Have you ever wound up with an annoying little bump on your cheek or inside your lips after you accidentally bit inside your mouth? These obnoxious little sores are known as canker sores.
Canker sores, also known as aphthous ulcers, are small, shallow lesions that develop on the soft tissues in your mouth or at the base of your gums and can make eating or talking uncomfortable. Unlike cold sores, canker sores don’t occur on the surface of your lips and they aren’t contagious.
Types of Sores
There are several different types:
- Minor canker sores
- These sores are common and may show up several times throughout the year. They are typically small, oval-shaped, and have a red edge. They are most common in people between the ages of 10 and 20 and will usually heal without scarring in one to two weeks.
- Major canker sores
- Far less common than minor canker sores, these sores are typically bigger and can last for more than two weeks and leave behind extensive scarring. They’re usually round with defined borders but can have irregular edges when they’re larger. These can be extremely painful.

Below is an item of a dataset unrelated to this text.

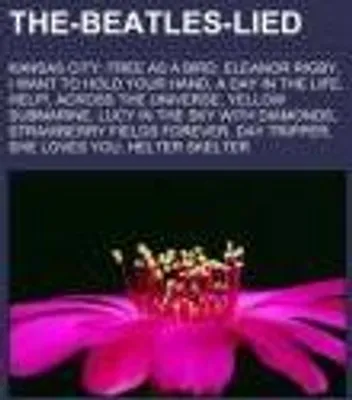 Produktbild von The-Beatles-Lied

- Herpetiform canker sores
- This type is far less common and usually develops later on in life. Despite the name, they are not actually caused by the herpes virus. These appear in clusters of 10 to 100 sores, are often pinpoint in size, and sometimes merge into one larger ulcer. They also have irregular edges and can heal without scarring in one to two weeks.
Canker sores can be painful and often make eating and talking uncomfortable. Although the exact cause of most canker sores is unknown, there are a number of things that may play a factor.
For minor sores, these include:
- Tissue injury from a sharp tooth or dental appliance
- Certain acidic fruits and vegetables
- Nonsteroidal anti-inflammatory drugs like ibuprofen
- Allergy to something like your food, toothpaste, or mouthwash.
Canker sores as a whole are relatively common, with about 1 in 5 people getting them regularly. They are more common in women, perhaps due to differences in hormones, and can even run in families.
Are cold sores the same thing as canker sores?
No. Although these sores are often confused with each other, they are not the same. Cold sores, also called fever blisters or herpes simplex type 1, are groups of painful, fluid-filled blisters. Cold sores are caused by a virus and are extremely contagious. Canker sores are not caused by an infection and are not contagious. Also, cold sores typically appear outside the mouth — usually, under the nose, around the lips, or under the chin, while canker sores occur inside the mouth.
Conclusion and when to see a doctor
Although most canker sores are completely harmless, there are some situations when it would be good to visit your dentist or general practitioner to have them examined. If the sores are unusually large, they recur frequently, last for more than two weeks, extend to the lips, cause pain you can’t control with self-care measures, cause difficulty with eating or drinking, or you have a high fever alongside the canker sore, it’s necessary to have it checked by your doctor.